Who's the Master of Your Heart?

At the end of chapter 7 of Luke’s gospel, Jesus is the guest in the home of a Pharisee.  Jesus is reclining at table, when a woman, a reputed sinner, enters the home and bathes Jesus’ feet with oil.  The Pharisee is, of course, appalled.  We all tend to wag our finger at the self-righteousness of the Pharisee, but there’s another level to this story.  This is the story to the brokenness that is in each of us, and a key that helps to unlock the grace of God’s healing.
In each of us, there are parts of our hearts that we have given to the Lord…and places we haven’t.  Where we carry hurt, where we’re wounded, where we resist God, where we are out of communion with Him, these are places we have not given to the Lord.  These are places of pain that we all experience- fear, abandonment, rejection, despair, hopelessness, hurt from others.  To protect ourselves from this pain, we build structures around our pain to protect ourselves.  Those structures often look a lot like the Pharisee in our story- rigid, hardness of heart and skepticism.  So, this story is the story of God’s redemption and healing, and how to get there.

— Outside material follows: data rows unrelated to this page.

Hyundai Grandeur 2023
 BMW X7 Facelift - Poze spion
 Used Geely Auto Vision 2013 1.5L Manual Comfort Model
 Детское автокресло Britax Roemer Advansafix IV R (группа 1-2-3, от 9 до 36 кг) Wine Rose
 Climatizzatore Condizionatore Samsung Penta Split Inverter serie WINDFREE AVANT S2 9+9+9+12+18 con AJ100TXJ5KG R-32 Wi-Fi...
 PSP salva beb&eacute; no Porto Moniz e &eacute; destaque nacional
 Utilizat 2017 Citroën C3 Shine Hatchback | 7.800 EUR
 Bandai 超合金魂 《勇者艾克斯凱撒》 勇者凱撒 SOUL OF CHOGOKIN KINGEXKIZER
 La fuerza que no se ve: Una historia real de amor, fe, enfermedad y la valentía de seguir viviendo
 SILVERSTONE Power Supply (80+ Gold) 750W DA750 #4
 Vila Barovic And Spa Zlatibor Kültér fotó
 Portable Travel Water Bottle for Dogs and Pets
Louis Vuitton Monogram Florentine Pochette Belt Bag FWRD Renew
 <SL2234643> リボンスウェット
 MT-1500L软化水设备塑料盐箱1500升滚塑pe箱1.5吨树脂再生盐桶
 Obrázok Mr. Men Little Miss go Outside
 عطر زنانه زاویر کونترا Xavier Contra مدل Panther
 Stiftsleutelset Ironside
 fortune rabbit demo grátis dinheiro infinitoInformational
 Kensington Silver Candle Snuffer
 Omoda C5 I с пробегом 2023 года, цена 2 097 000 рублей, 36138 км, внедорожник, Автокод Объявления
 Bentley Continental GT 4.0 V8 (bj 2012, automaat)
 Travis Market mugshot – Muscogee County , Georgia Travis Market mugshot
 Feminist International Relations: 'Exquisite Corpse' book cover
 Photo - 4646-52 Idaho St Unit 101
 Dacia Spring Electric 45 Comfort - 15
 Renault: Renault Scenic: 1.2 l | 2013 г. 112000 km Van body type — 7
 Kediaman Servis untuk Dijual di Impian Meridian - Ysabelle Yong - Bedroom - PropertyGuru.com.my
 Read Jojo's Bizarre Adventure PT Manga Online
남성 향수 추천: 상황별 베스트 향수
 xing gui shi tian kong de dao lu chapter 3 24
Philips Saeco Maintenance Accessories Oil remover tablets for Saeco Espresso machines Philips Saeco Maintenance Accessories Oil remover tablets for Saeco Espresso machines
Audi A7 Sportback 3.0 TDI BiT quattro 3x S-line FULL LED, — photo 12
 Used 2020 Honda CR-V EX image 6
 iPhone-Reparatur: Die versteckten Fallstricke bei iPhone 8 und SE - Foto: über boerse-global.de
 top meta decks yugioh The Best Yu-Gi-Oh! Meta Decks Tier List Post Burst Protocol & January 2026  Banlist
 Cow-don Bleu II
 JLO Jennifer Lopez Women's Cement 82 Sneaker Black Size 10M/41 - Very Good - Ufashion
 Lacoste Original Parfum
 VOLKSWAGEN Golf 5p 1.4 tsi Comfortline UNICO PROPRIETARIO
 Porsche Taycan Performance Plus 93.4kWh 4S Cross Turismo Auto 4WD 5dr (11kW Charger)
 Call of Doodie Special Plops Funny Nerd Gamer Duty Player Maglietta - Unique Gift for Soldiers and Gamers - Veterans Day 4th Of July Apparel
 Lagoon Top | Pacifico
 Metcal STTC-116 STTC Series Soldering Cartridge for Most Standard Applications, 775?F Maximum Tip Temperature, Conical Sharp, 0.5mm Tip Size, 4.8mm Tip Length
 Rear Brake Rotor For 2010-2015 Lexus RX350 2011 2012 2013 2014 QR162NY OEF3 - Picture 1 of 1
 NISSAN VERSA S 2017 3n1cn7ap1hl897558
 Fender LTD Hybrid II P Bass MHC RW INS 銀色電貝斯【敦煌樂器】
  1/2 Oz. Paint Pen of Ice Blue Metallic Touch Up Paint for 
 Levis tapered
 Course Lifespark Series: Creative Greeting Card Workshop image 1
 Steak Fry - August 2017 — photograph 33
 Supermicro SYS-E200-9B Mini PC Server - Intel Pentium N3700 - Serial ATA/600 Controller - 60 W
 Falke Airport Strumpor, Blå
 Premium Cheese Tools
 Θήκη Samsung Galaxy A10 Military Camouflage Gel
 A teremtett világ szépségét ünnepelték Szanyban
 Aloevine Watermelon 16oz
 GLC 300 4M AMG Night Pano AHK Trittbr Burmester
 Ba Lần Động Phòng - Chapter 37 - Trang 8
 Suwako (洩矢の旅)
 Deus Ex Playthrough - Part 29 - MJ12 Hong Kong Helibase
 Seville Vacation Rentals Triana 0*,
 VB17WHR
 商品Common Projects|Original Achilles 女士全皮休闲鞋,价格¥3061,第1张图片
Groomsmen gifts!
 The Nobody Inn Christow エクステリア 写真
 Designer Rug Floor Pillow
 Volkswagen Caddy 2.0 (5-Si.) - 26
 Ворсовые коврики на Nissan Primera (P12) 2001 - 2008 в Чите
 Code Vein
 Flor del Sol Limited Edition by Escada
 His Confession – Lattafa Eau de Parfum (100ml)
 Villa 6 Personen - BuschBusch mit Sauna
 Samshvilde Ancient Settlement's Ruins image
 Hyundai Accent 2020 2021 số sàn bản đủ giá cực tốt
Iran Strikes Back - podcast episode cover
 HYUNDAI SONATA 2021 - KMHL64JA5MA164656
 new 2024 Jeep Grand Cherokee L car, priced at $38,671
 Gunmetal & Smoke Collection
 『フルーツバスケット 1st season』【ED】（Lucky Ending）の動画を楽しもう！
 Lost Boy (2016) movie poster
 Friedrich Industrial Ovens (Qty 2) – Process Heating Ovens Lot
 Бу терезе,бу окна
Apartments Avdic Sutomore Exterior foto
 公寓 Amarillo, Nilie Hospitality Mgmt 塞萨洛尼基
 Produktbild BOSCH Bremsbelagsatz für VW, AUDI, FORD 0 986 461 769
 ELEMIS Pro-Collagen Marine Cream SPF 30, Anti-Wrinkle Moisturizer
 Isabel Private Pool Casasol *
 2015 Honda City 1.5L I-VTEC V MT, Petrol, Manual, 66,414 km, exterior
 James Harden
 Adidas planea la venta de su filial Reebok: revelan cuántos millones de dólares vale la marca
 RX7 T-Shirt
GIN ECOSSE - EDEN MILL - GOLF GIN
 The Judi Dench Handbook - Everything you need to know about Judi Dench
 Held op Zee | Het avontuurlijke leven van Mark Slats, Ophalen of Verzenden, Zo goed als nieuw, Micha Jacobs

As I read the story, I found myself asking, “Why is Jesus at the Pharisee’s house?”  It doesn’t appear that Jesus has a particular affinity for this Pharisee, and the Pharisee has no affinity for Jesus at all.  The Pharisee thinks to himself, “If this man [Jesus] were a prophet….”.  So, he is testing the proposition that Jesus might be a prophet.  But, when he speaks to Jesus, he calls him by the rather generic term, “Teacher”.  Yet, Jesus is “reclining at table”, apparently relaxed and quite comfortable.  Then, it hit me.  Jesus is waiting.  He is waiting for HER.
Jesus could have met her anywhere, in the street, in her home, anywhere.  Why here?  Not, as you might be inclined to think, to shame or humiliate her.  Instead, Jesus was drawing out her heart, to help her desire Jesus (healing) more than anything else, to press through shame, self-condemnation, rejection, isolation into healing, into the presence of Jesus.
The Pharisee, and what he represents, stands between the woman and Jesus the healer.  The healer was in the house, waiting, reclining at table.  When we pray for healing, we sometimes say, “Come Lord Jesus, into my hurt and pain.  Heal me.”  We might do better to realize that He’s already inside the house, reclining at table, waiting for us to come in.    It is we who have to step into the interior of our own house, walk through the door of condemnation, rejection, or abandonment, whatever that door is for us.
And waiting on the other side, right there, is Jesus, the healer of my heart and the lover of my soul.  He embraces my brokenness and ministers to my hurt and pain.  As we bring the abject brokenness of our lives to Jesus, he gives us a new identity, the truth of who we really are, the value of our relationship to Him.
In each of us, there are parts of our lives and hearts that belong to God.  And there are parts of our lives and hearts that belong to a Pharisee who we may think is protecting us.  But he is not.  And in each of us is the woman, sinful and hurting, with only a Pharisee standing between us and the grace of healing.